*Your objective*.
Would you reproduce exactly, and only, the lines starting at the one with "哈克斯强调球队执行力提升认为调整措施已见成效" and ending at the last line of the data, with both included? Leave the pictures out.

*Extracted data*.
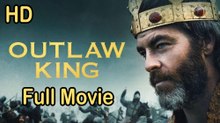 Outlaw King (2018) Full Movie HD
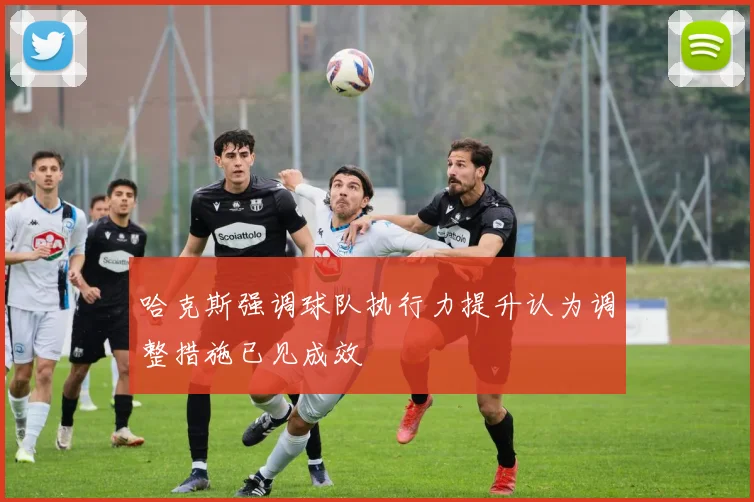 哈克斯强调球队执行力提升认为调整措施已见成效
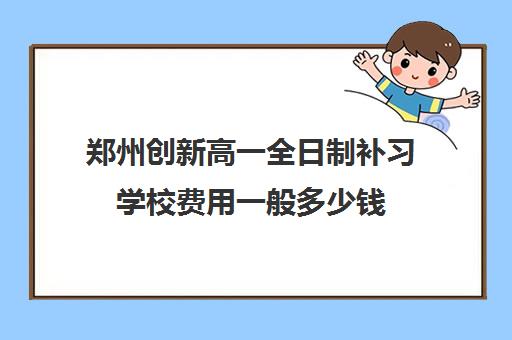郑州创新高一全日制补习学校费用一般多少钱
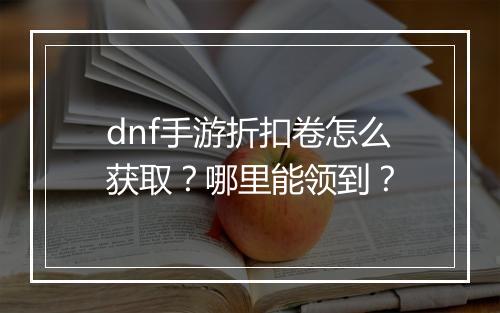 dnf手游折扣卷怎么获取？哪里能领到？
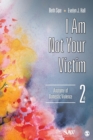 I Am Not Your Victim : Anatomy of Domestic Violence - Book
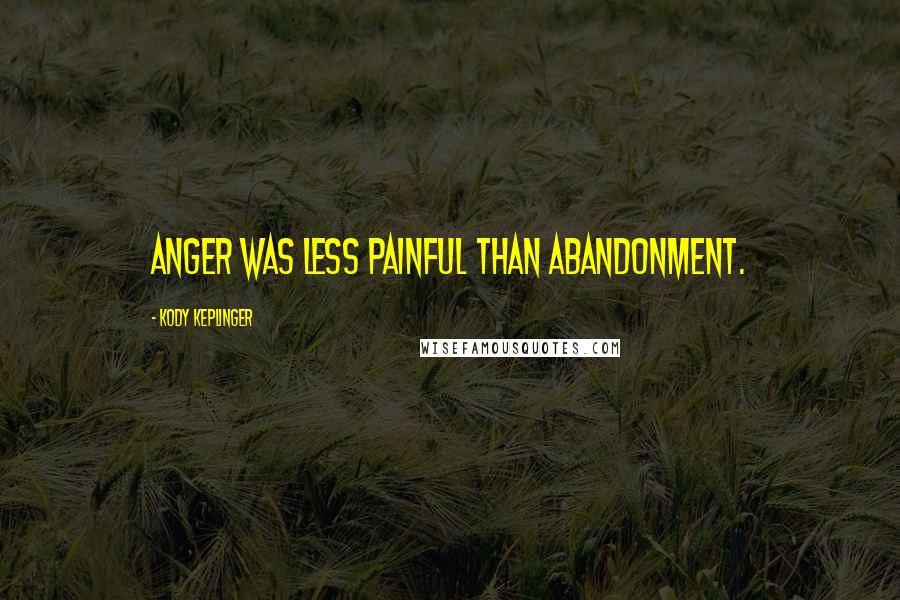 Kody Keplinger Quotes: Anger was less painful than abandonment.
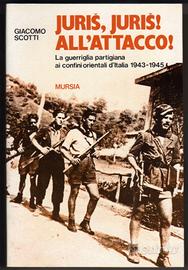 JURIS, JURIŠ! ALL'ATTACCO! (Guerriglia partigiana)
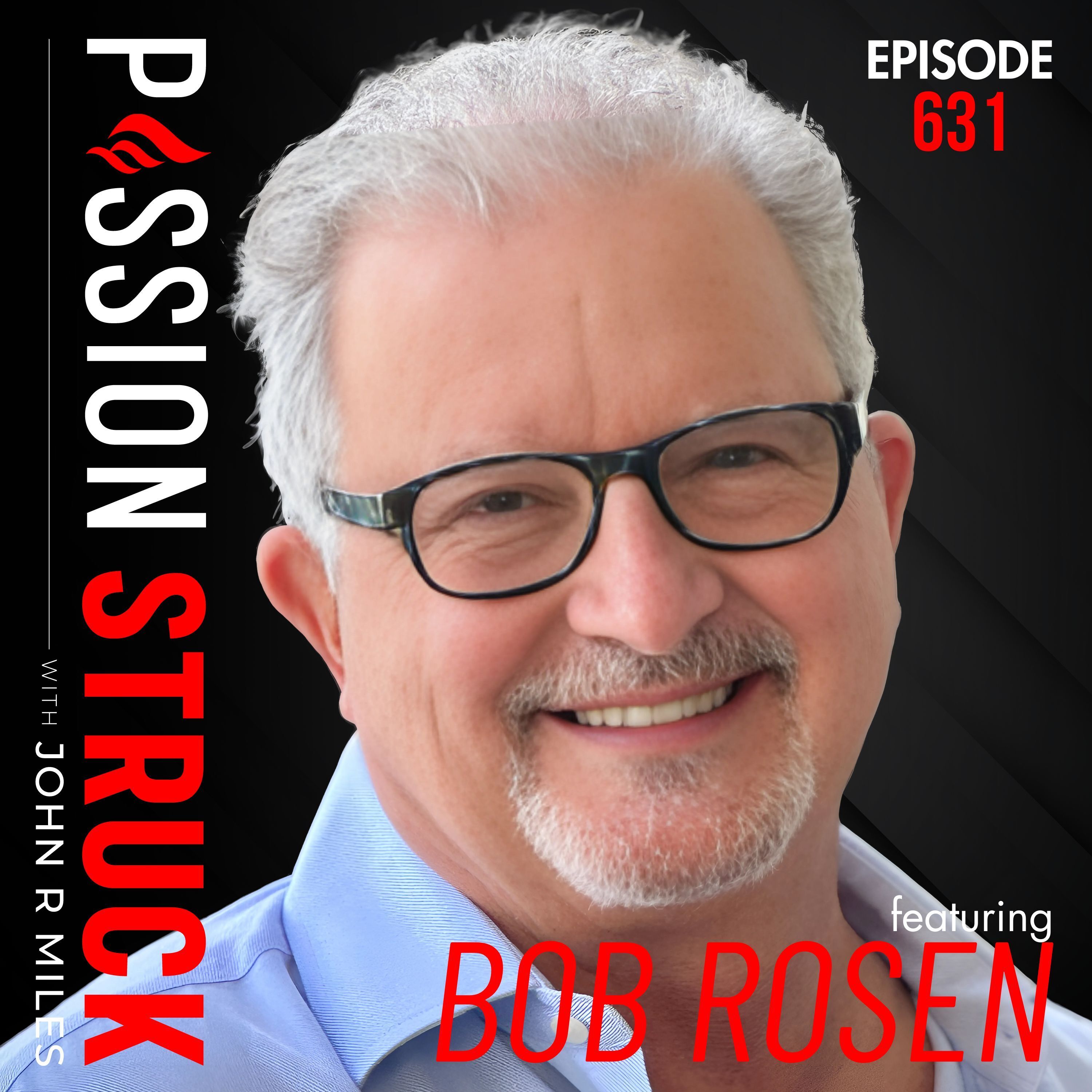 Dr. Bob Rosen on Why Change Begins Where Your Old Story Ends EP 631 by John R. Miles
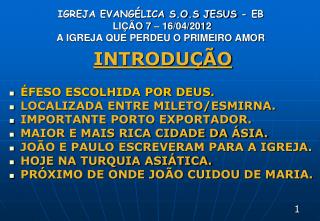 IGREJA EVANGÉLICA S.O.S JESUS - EB LIÇÃO 7 – 16/04/2012 A IGREJA QUE PERDEU O PRIMEIRO AMOR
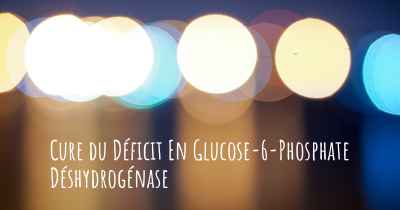 Cure du Déficit En Glucose-6-Phosphate Déshydrogénase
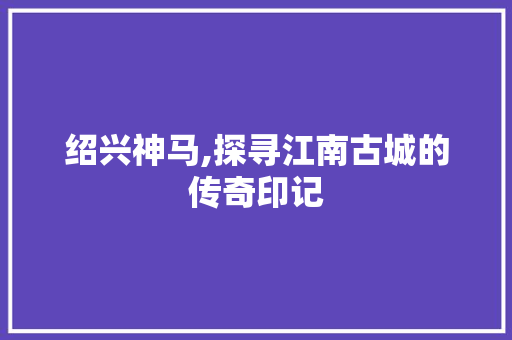 绍兴神马,探寻江南古城的传奇印记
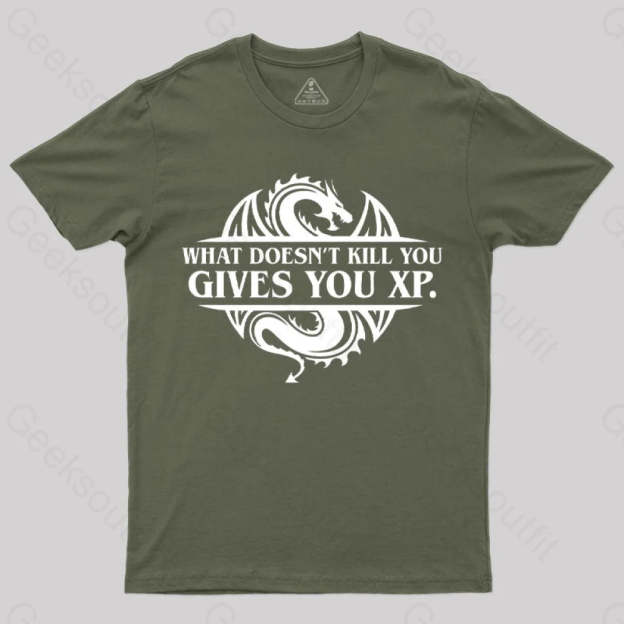 What Doesnt Kill You Give Experience T-Shirt Army Green / S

*Result of this task*.
 哈克斯强调球队执行力提升认为调整措施已见成效
郑州创新高一全日制补习学校费用一般多少钱
 dnf手游折扣卷怎么获取？哪里能领到？
 I Am Not Your Victim : Anatomy of Domestic Violence - Book
 Kody Keplinger Quotes: Anger was less painful than abandonment.
 JURIS, JURIŠ! ALL'ATTACCO! (Guerriglia partigiana)
 Dr. Bob Rosen on Why Change Begins Where Your Old Story Ends EP 631 by John R. Miles
 IGREJA EVANGÉLICA S.O.S JESUS - EB LIÇÃO 7 – 16/04/2012 A IGREJA QUE PERDEU O PRIMEIRO AMOR
 Cure du Déficit En Glucose-6-Phosphate Déshydrogénase
 绍兴神马,探寻江南古城的传奇印记
 What Doesnt Kill You Give Experience T-Shirt Army Green / S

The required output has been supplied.